If someone else owns the goods, you need to act fast to prevent a sale that's not yours. The sheriff can't sell property that doesn't belong to you.
You should write to the sheriff immediately, explaining that the property doesn't belong to you and including proof of ownership, such as photocopies of receipts. This can help prevent the sale from going ahead.
The sheriff may agree not to take the goods, or they might ask the court to decide ownership. If they do take your property, you can make a claim in the Magistrates' Court for an order stopping the sale.
Exercise Price

The exercise price, also known as the strike price, is the agreed-upon price to be paid for each share underlying the warrant at the time of exercise.
Issuers have flexibility in setting the exercise price, which could be the fair market value of the stock at the time of grant, or some other price.
In some cases, the exercise price is set at a nominal price of $0.01, known as a "penny warrant" or "pre-funded warrant".
The exercise price is usually expressed as a known fixed number, but it could also be derived from a formula or the price paid for a new series of preferred stock to be issued in a future financing.
Issuers typically have more flexibility in setting the material terms of a warrant issued to a third party than they do in the case of issuing options to service providers.
Term/Expiration Date
The term of a warrant, also known as the expiration date, is a crucial aspect of a warrant sale. This date determines when the warrant can no longer be exercised.
Most warrants have terms between 2 and 10 years, and sometimes up to 12 years, depending on the nature and circumstances of the deal. The longer the term, the more valuable the warrant is likely to be.
Warrant Sale Implications
Warrant sales were a contentious issue in Scotland until 2001, affecting the poorest section of society who genuinely were unable to pay a debt.
The practice was governed by the Debtors (Scotland) Act 1987, which allowed debt collectors to enter a debtor's home and poind items, subject to a later auction under warrant.

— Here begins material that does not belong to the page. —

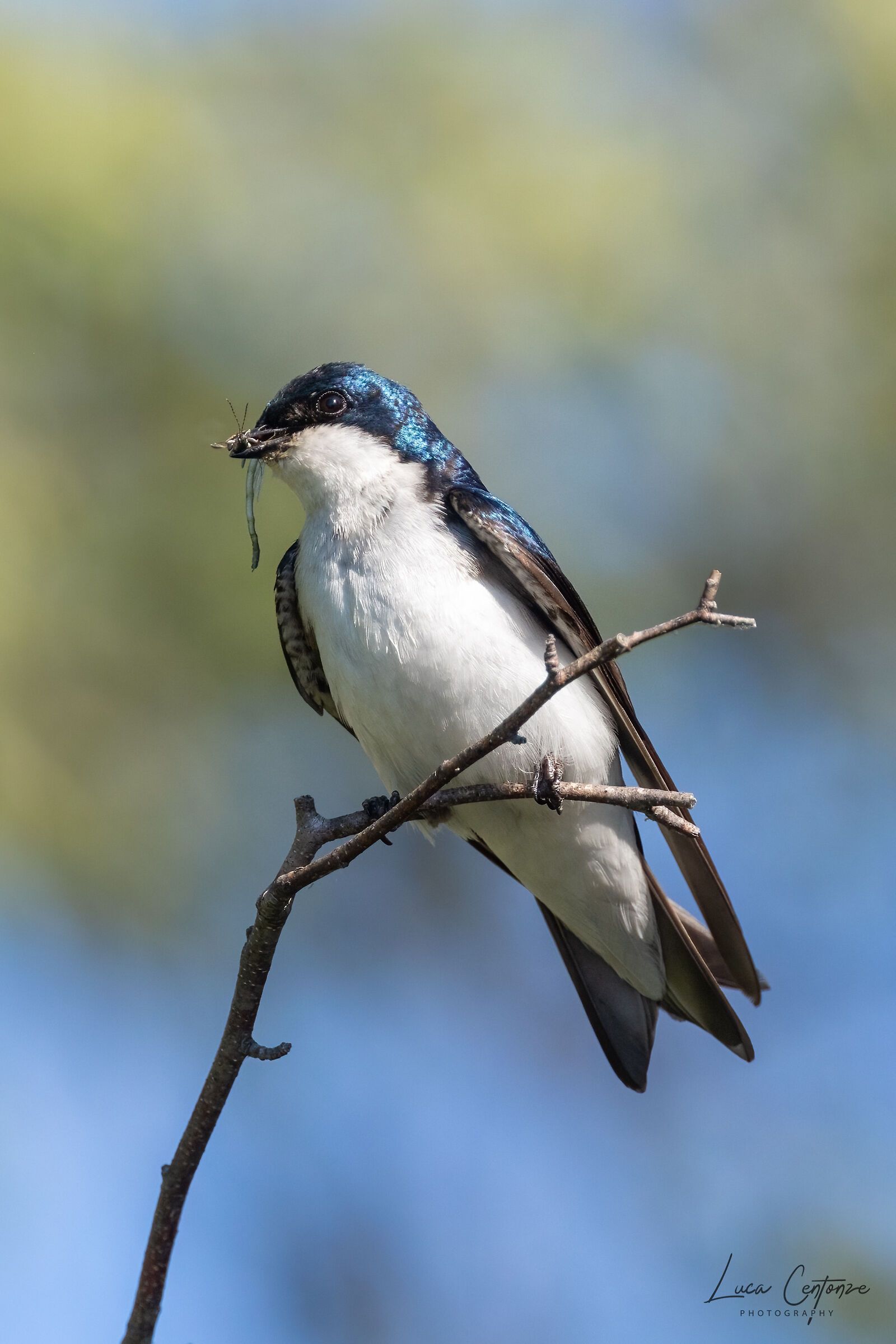Rondine Arboricola bicolore (Tachycineta bicolor)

This legislation was used by Scottish councils against Community Charge defaulters, who were forced to pay the outstanding debts.
The practice was eventually abolished by the Abolition of Poindings and Warrant Sales Act 2001, introduced by Tommy Sheridan, MSP, of the Scottish Socialist Party.
In recent years, there have been attempts to reintroduce warrant sales, with Jackie Baillie, MSP, accusing the Scottish government of attempting to reintroduce the practice in 2022.
In the context of private companies, warrants often include terms for major corporate events, such as a sale of the company or an IPO.
These terms may require advance notice of the event, to enable the warrant holder to decide whether to exercise the warrant.
In some cases, the warrant may be deemed automatically exercised immediately prior to the sale, or assumed by the buyer.
How Lenders Make Money

Lenders make money on the warrant by selling the shares they purchase at the exercise price immediately at the sale price, realizing the difference between prices as profit.
The difference between the sale price and the exercise price is the profit that lenders can make on a warrant.
This profit would have gone to the founders and other shareholders if they still owned the rights granted by the warrant.
The actual cost of capital is impossible to predict when a warrant is involved, as the profit potential is unclear.
Frequently Asked Questions
Can you purchase a warrant?
Yes, you can purchase a warrant, but only after it's been issued and starts trading on an exchange, where you can buy it through a brokerage account.